Pronunciamento de Alvaro Dias em 14/05/2002
Discurso durante a 60ª Sessão Deliberativa Ordinária, no Senado Federal
Críticas à atuação do governo brasileiro quanto à política protecionista das nações desenvolvidas que impõem elevadas tarifas de importação aos produtos agrícolas dos países em desenvolvimento e concedem subsídios à produção interna. (Como Líder)
- Autor
- Alvaro Dias (PDT - Partido Democrático Trabalhista/PR)

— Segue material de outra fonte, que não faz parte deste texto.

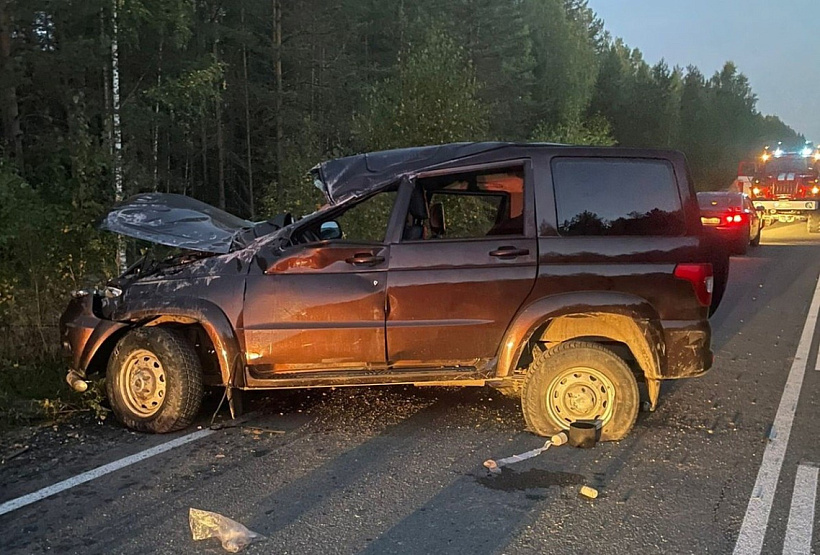 2 человека погибли в аварии с опрокинувшимся УАЗом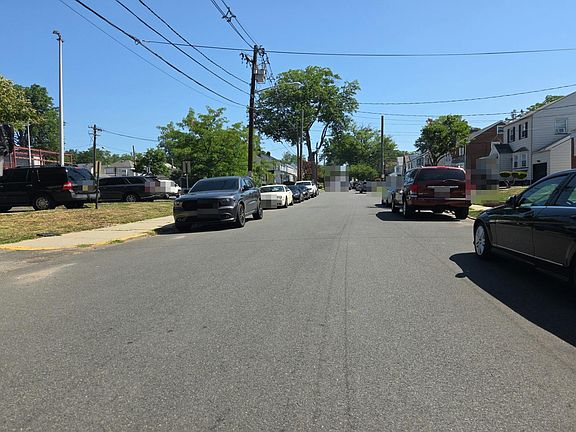 5th image of 1411 Highland Ave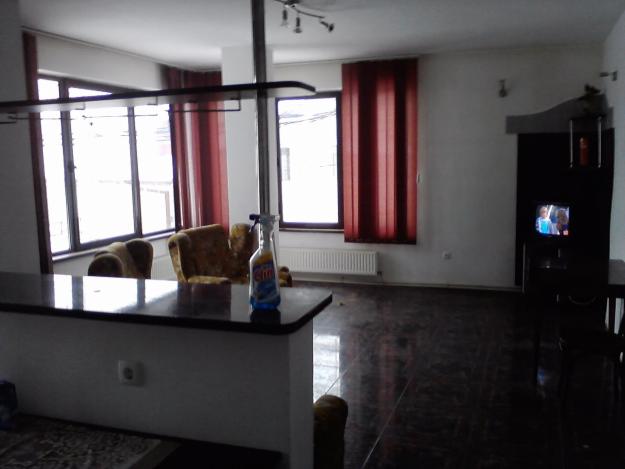 Vila  BUSTENI schimb cu Apartament BUCURESTI - Pret | Preturi Vila  BUSTENI schimb cu Apartament BUCURESTI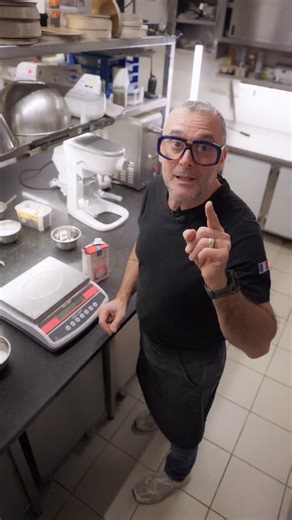 Tu en as marre de multiplier les récipients quand tu cuisines ? Voici l’astuce que tous les pâtissiers professionnels utilisent, mais que personne n’enseigne : la pesée inversée. Comment ça marche ? Tu as besoin de 100g de crème dans ta préparation. Au lieu de sortir un saladier, le poser sur la balance, verser 100g dedans, puis le transvaser dans ton mélange, tu fais l’inverse. Tu poses ta bouteille de crème directement sur la balance. Tu tares (remise à zéro). Tu verses ta crème dans ton salad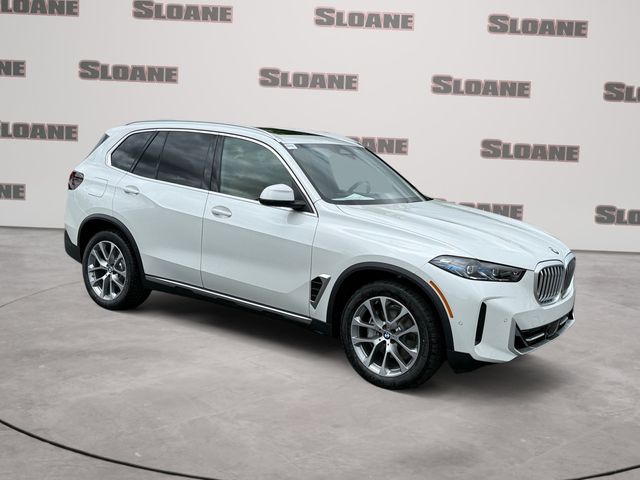 2026 BMW X5 xDrive40i Image 3 of 30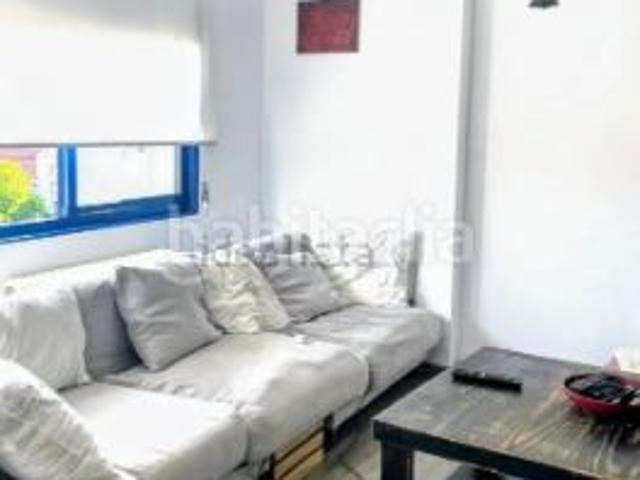 Piso en venta en Silleda. gran oportunidad! se vende piso dupex en silleda MUY BIEN UBICADO. EN EL CENTRO con todos los servicios cercanos. de 3 habitacio. Pisos.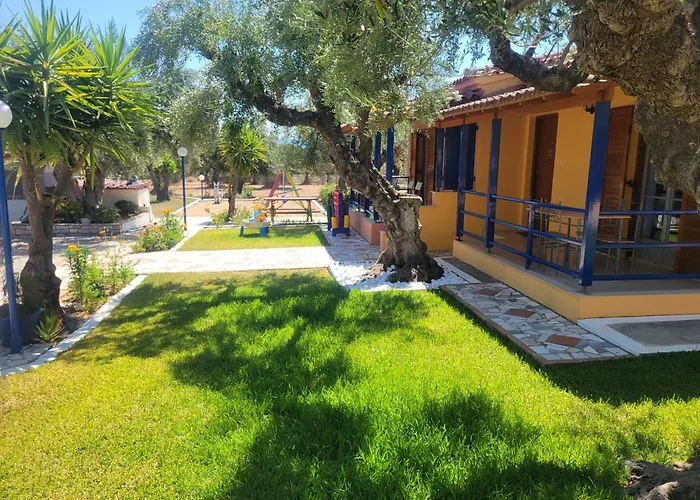 John & Jenny's Small Village Agios Andreas (Messenia)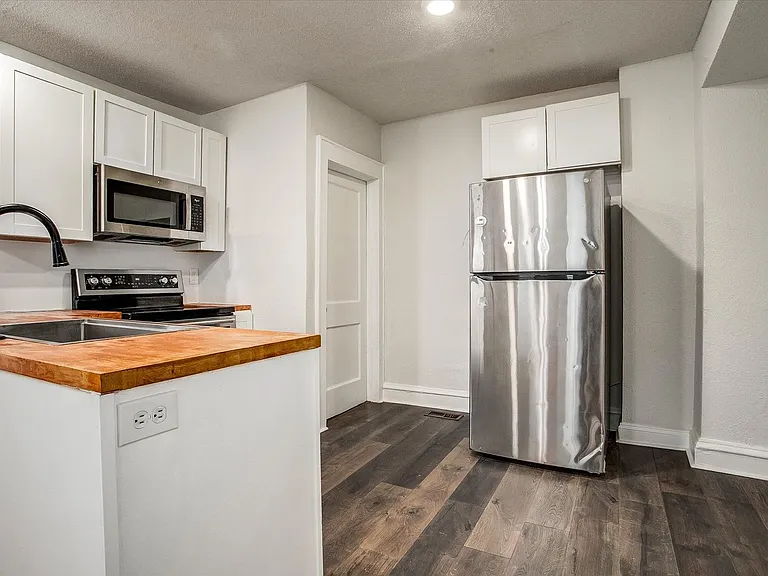 3817 S Benton Ave — Photo 8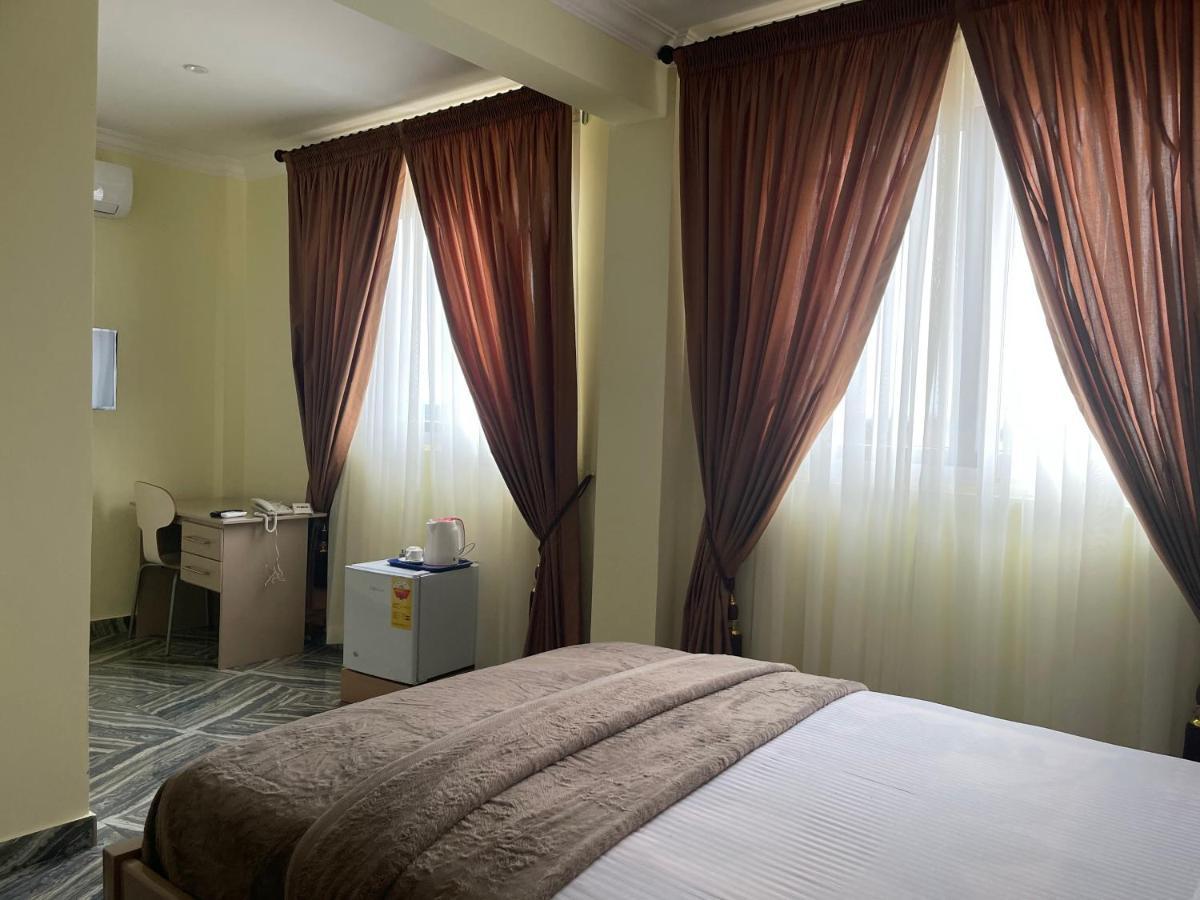 Exotic Palace Hotel 特马 外观 照片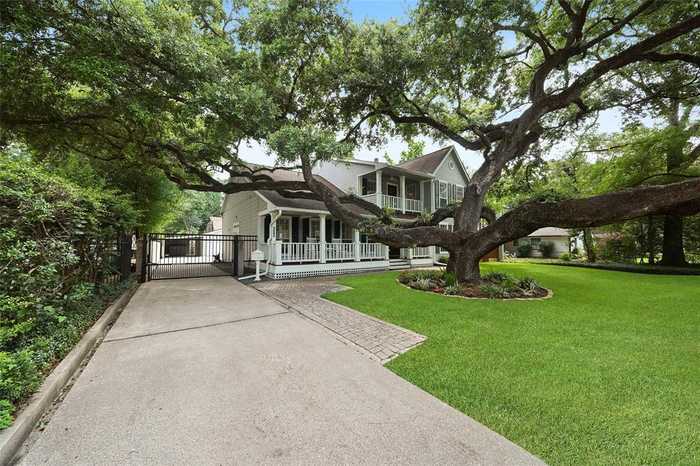 photo 2: 834 W 43rd Street, Houston TX 77018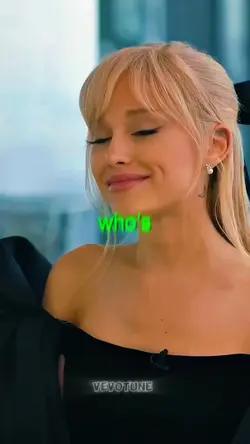 Ariana Grande LOVES 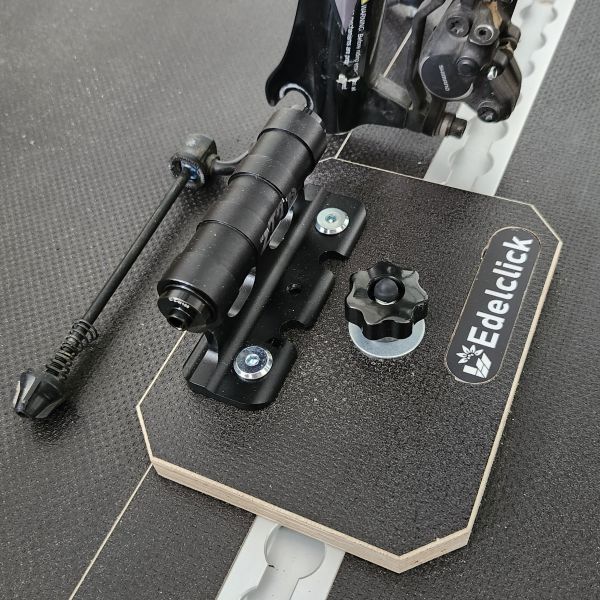 Présentation de notre produit "support axe vélo", fixé sur un rail aéro. Il permet de maintenir un vélo par son axe de fourche avant. Idéal pour le transport dans le coffre de son véhicule, le vélo est parfaitement maintenu et reste stable durant le trajet.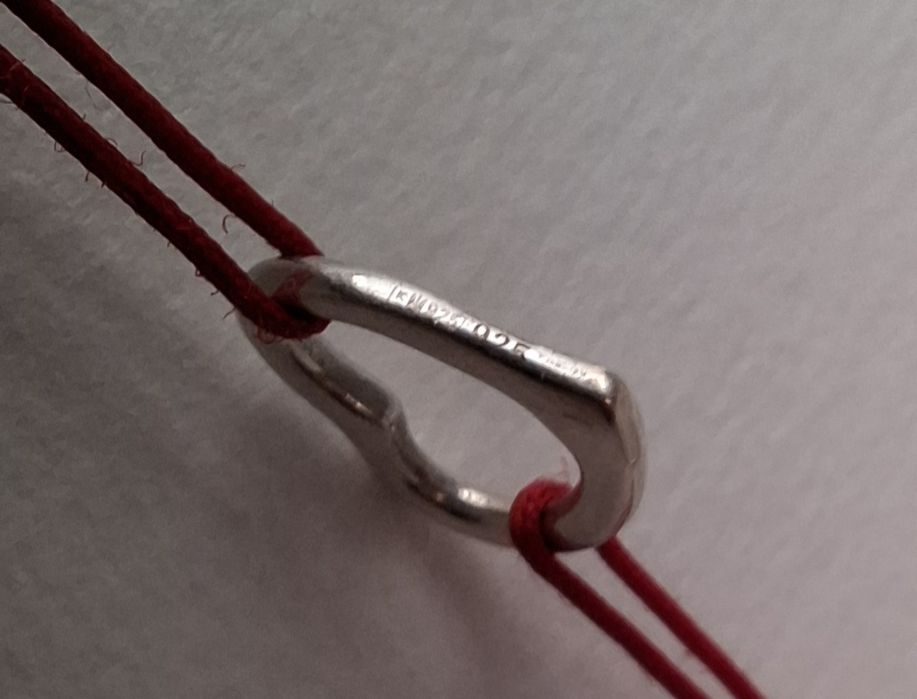 Сребърна гривна с червен конец 925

- Nome completo: Alvaro Fernandes Dias
- Casa
- Senado Federal
- Tipo
- Discurso
- Resumo por assunto
-
POLITICA AGRICOLA.
COMERCIO EXTERIOR.:
- Críticas à atuação do governo brasileiro quanto à política protecionista das nações desenvolvidas que impõem elevadas tarifas de importação aos produtos agrícolas dos países em desenvolvimento e concedem subsídios à produção interna. (Como Líder)
- Aparteantes
- Ademir Andrade.
- Publicação
- Publicação no DSF de 15/05/2002 - Página 8052
- Assunto
- Outros > POLITICA AGRICOLA. COMERCIO EXTERIOR.
- Indexação
-
- CRITICA, PROTECIONISMO, PAIS INDUSTRIALIZADO, CONTRADIÇÃO, TEORIA, ECONOMIA, LIBERALISMO, ESPECIFICAÇÃO, REFERENCIA, SUBSIDIOS, AGRICULTURA, REGISTRO, REDUÇÃO, AREA, CULTIVO, MUNDO.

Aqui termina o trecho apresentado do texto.